Input data:
______________________________

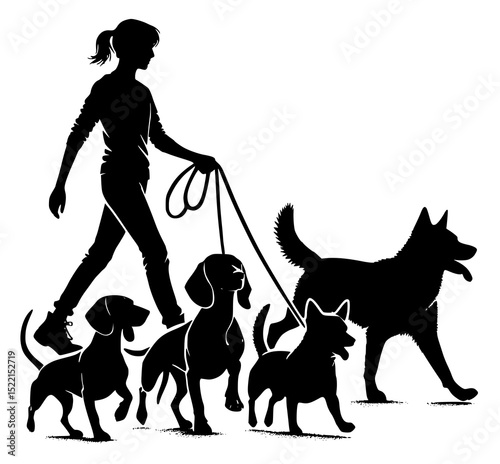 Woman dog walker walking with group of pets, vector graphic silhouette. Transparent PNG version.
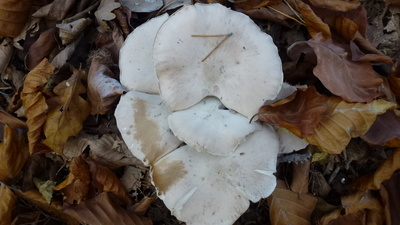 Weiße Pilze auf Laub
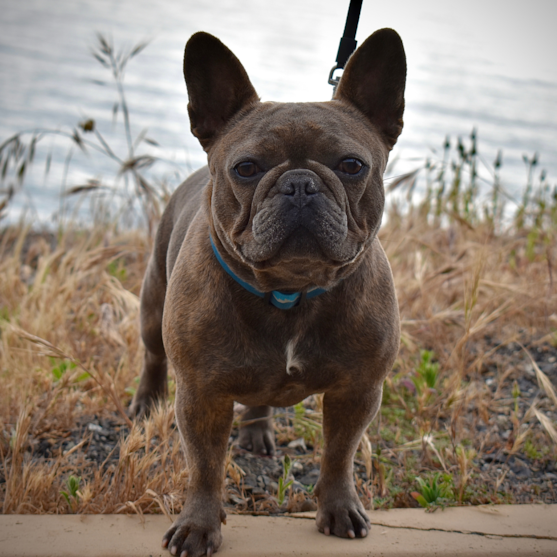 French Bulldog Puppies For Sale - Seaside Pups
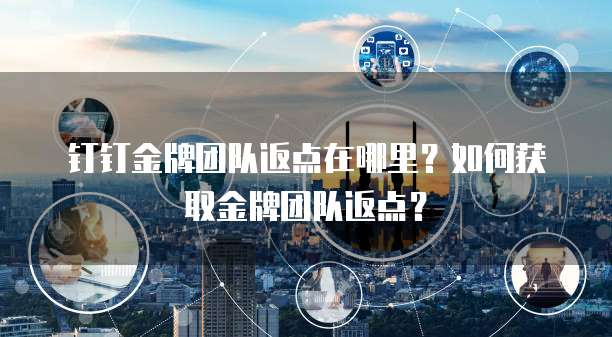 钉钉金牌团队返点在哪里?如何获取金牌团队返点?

______________________________

Brief:
Would it be possible to give the material above again exactly, with the pictures left out?

Result of this task:
 Woman dog walker walking with group of pets, vector graphic silhouette. Transparent PNG version.
 Weiße Pilze auf Laub
 French Bulldog Puppies For Sale - Seaside Pups
 钉钉金牌团队返点在哪里?如何获取金牌团队返点?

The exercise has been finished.